Martes 1 de septiembre del 2026
El Señor es clemente y misericordioso, lento a la cólera y rico en piedad; el Señor es bueno con todos, es cariñoso con todas sus criaturas. (Salmo 144)
MI REFLEXION:
Hay momentos en la vida en los que podemos sentirnos débiles, confundidos, cansados o incluso indignos de recibir cosas buenas. Pero este hermoso Salmo 144, nos recuerda quién es Dios: clemente, misericordioso, paciente y rico en amor.

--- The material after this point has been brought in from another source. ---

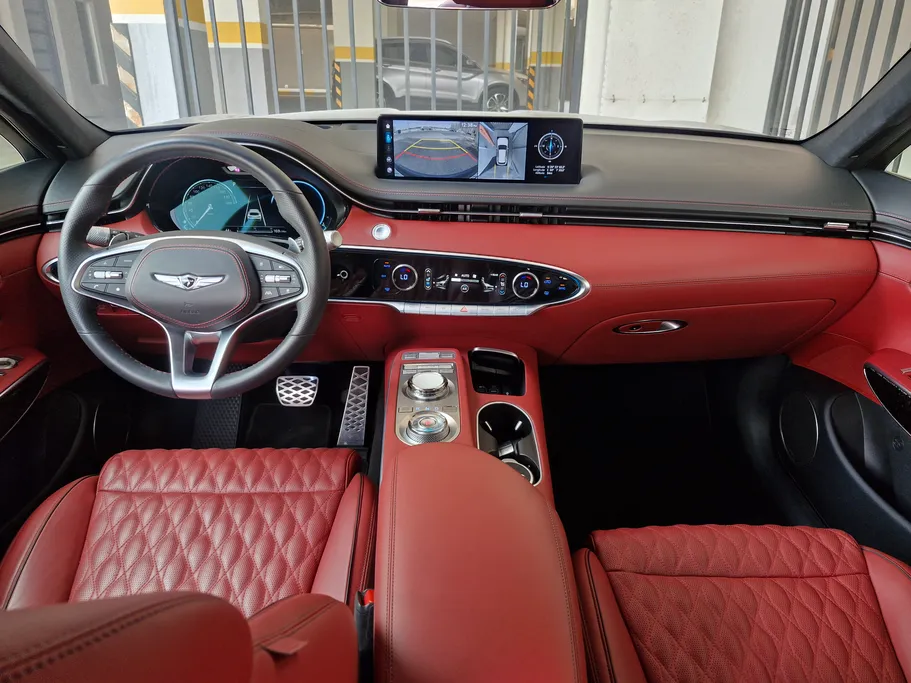 2023 Genesis GV70 Royal Sport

Dios no mira nuestras caídas para condenarnos, sino para ayudarnos a levantarnos. No se apresura a castigarnos; nos espera con paciencia, nos abraza con misericordia y nos da nuevas oportunidades para comenzar otra vez. Por eso, cuando la vida se vuelva difícil, no pierdas la esperanza. Cuando sientas que has fallado, no te alejes de Dios. Y cuando no encuentres respuestas, recuerda que su amor sigue presente, aun en medio del silencio.
Somos sus criaturas y Él nos ama con un amor que no depende de nuestros aciertos ni de nuestras circunstancias. Hoy confía, respira y sigue adelante. Dios es bueno, Dios es paciente y Dios permanece a tu lado. Y recuerda: Cuando todo parezca incierto, recuerda que el amor de Dios nunca cambia.